Let $ \mathcal{U} $ be a set of keys, and let $ \mathcal{H} $ be a finite collection of hash functions, each mapping $ \mathcal{U} $ to $ \{ 0, 1, \cdots, m - 1 \} $. A set $ \mathcal{H} $ is **universal** if for all $ x, y \in \mathcal{U} $, where $ x \neq y $, the expression $ | \{ h \in \mathcal{H}: h(x) = h(y) \} | = \frac{\mathcal{H}}{m} $ will be relevant. So, the chance of a collision between $ x $ and $ y $ is $ \frac{1}{m} $ for a random chosen $ h $ from $ \mathcal{H} $.

**One-way function**

A one-way function is a function that is easy to compute on every input, but hard to invert given **the image of a random input**. Here, "easy" and "hard" are to be understood in the sense of computational complexity theory, specifically the theory of polynomial time problems.

### Function collision

**Modulo hash function**

The ideal hash function is expected to create one-to-one correspondence for the elements of the input set to the elements of the output set. The **collision** of the hash function is some elements from input set, that map to the same element from th output: $ x, y \in \mathcal{U}, x \neq y \implies \{ h \in \mathcal{H}: h(x) = h(y) \} $.

**Example**


**Given:**

A simple modulo hash function $ h(x) = x \pmod{p} $, where $ p $ is a word base in bits, for instance, **INT_BASE** = 32 bits.

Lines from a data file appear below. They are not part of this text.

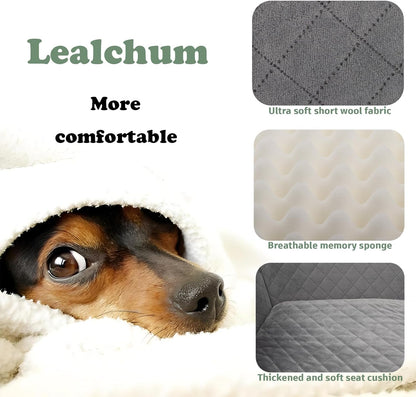 Dog Car Seat for Large Size Dog,Soft Fabric Car Dog Bed Filling Memory Foam,2 Clip-On Safety Leashs and 2 Pockets,Removable and Washable Comfy Pet Car Seat(Black/Brown, Large)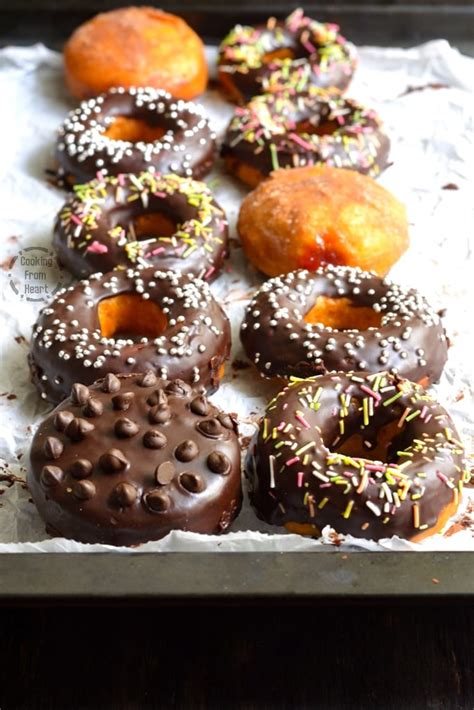 Eggless Donuts | Chocolate Glazed Eggless Donuts Recipe | Eggless Jam ...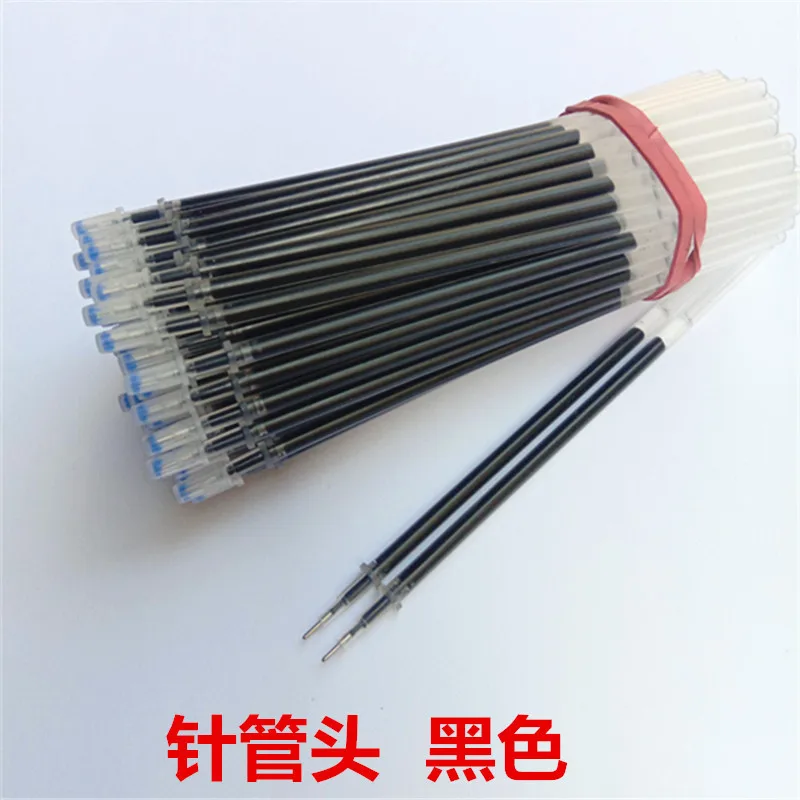 30 개/몫 0.38mm 젤 펜 리필 잉크 리필 전체 주사기 학생 사무실 연구 용품 강한 끈적 실리콘 더블 에너지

The cardinal value of the input set is $ n $: $n = card(\Omega)$

In [1]:
WORD_BASE = 32

**Find:**
- 1) The probability of the function collision;
- 2) Which $ n $ gives the probability of 100%;

**Solution:**

1) The output values range of the function, obviously, is $ [0, p-1] $, which means that all possible elements from output set are mapped to the remainders of their division by $ p $. The task now can be interpreted in the following: find the probability of collision of two random numbers from the subset of $ [0, p-1] $. The total amount of the combinations equals $ p^{n} $ and the amount of sets without collision equals $ \frac{p!}{(p-n)!} $. So the probability of the appearance of not collided pairs equals $ \frac{1}{p^{n}} \cdot \frac{p!}{(p-n)!} $. Obviously, $P_{not collided} + P_{collided} = 1$, which means: $P_{collided} = 1 - \frac{p!}{p^{n} \cdot (p-n)!} $

2) According to the **Dirichlet's drawer principle**: a function $ f: A \to B $ maps exact value from the set at least $ n + 1 $ times, if sets $ A $ and $ B $ are finite and $ |A| > n \cdot |B| $ and $ n \in \mathbb{N} $.

In [2]:
mod_hash = lambda message: message % WORD_BASE

Test cases

In [3]:
assert mod_hash(0) == 0
assert mod_hash(68) == 4
assert mod_hash(111) == 15